Friday, February 11, 2011

Ownes & Minor - a stock to watch

The general intent of this blog and my investing is to focus on smaller companies where an individual investor can gain an edge. As I always say though “size doesn’t matter, price does.” While I’ve discussed bigger companies, such as Loews, Owens & Minor is a company that is already recognized for its strong business judging by its valuation. Sporting a PE of 15.5, a dividend yield of 2.6% and trading at 2x book value, it is nothing to get excited about. It would be an exciting opportunity though if it were to encounter short-term business issues or the stock drops due to an earnings miss or broad sell off.

Owens & Minor is a distributor of medical care products – gloves, tubes, exam table paper, shoe covers. They operate on razor thin margins but have high inventory turnover. They sell products that hospitals need, and develop deep relationships with healthcare providers. They have a logistics business which helps their customers reduces inventory to operate in a leaner fashion. While this might seem counter intuitive for the company, it entrenches them as the provider for a lot of that inventory. The company is one seventh and one tenth the size of its competitors Cardinal Health and McKesson respectively, but has managed to carve out its own niche and boasts higher net and operating margins.

The company has been around for over 100 years, a reassuring sign. The past 5 years have seen double digit growth in sales and earnings, while the past 10 years have averaged high single digit growth in sales and earnings. For such a boring company, the results have definitely been noteworthy. The company has consistently increased its dividends, a small indicator that the company is shareholder friendly and not too capital hungry. Although the theme is well worn in the investing world, the demand for these products will only go up as healthcare use increases with an aging population. It is hard to imagine the very minimal cost items O&M sells coming under scrutiny for cost cuts, especially when it helps its customers maintain lows costs through its logistics business.

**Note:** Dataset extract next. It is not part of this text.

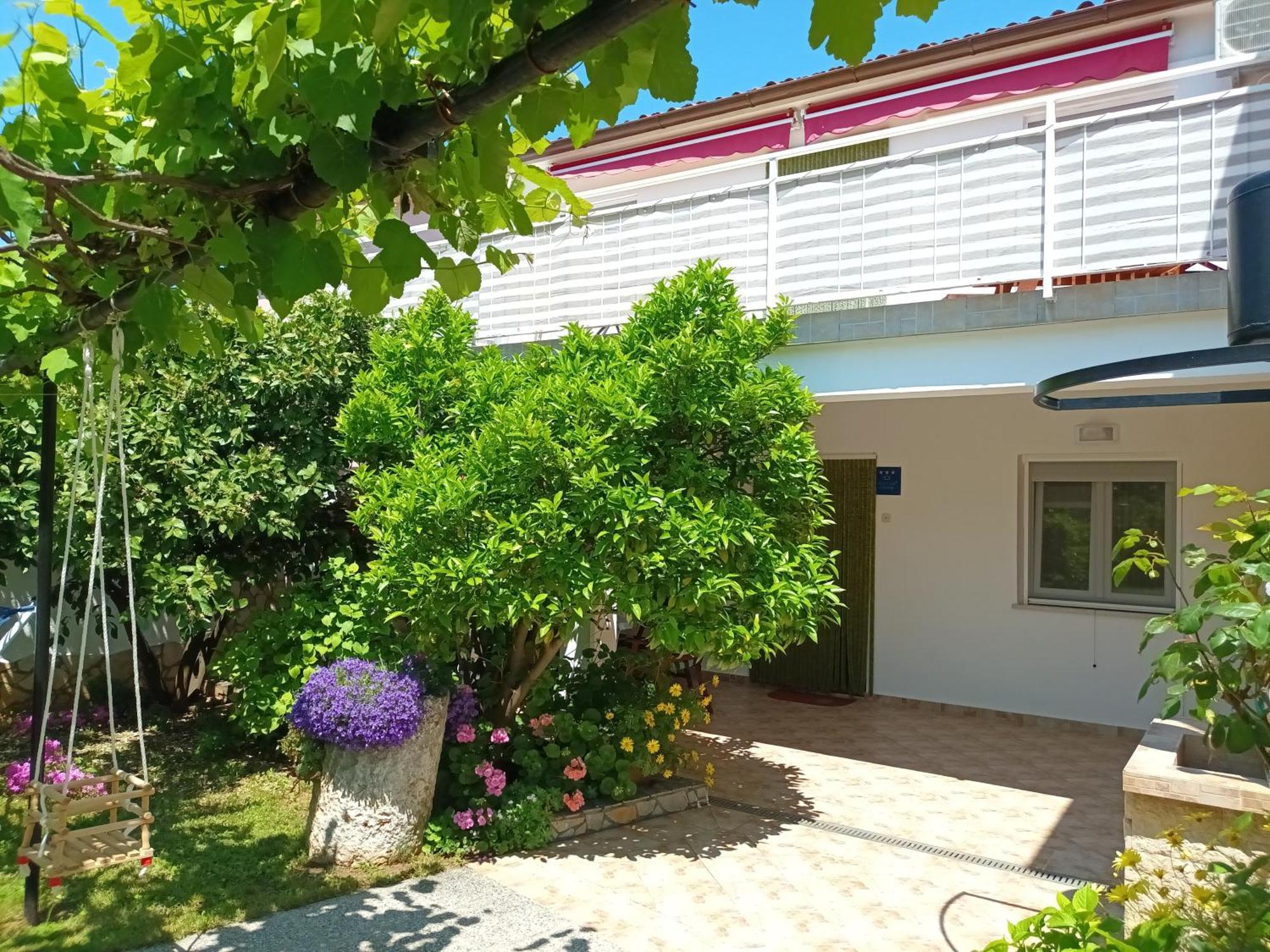 Holiday House Danica Banjole Bagian luar foto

While it doesn’t appear to offer a good investment opportunity currently, one never knows when a good company like O&M will find itself on sale courtesy of Mr. Market, a dear friend to us all. While better bargains might emerge in such an occasion, it is always worthwhile to be aware of businesses that have consistently increased their earnings over time and through whatever the economy has in store. While there are better businesses out there, I think every investor should be familiar with what companies they can. When the market gets dicey, from a psychological standpoint it is much better to already have an idea of what companies you would buy at a cheaper price. It is also much better from a time standpoint because you don't have to hurry through research on top of having your mind clouded with recent events.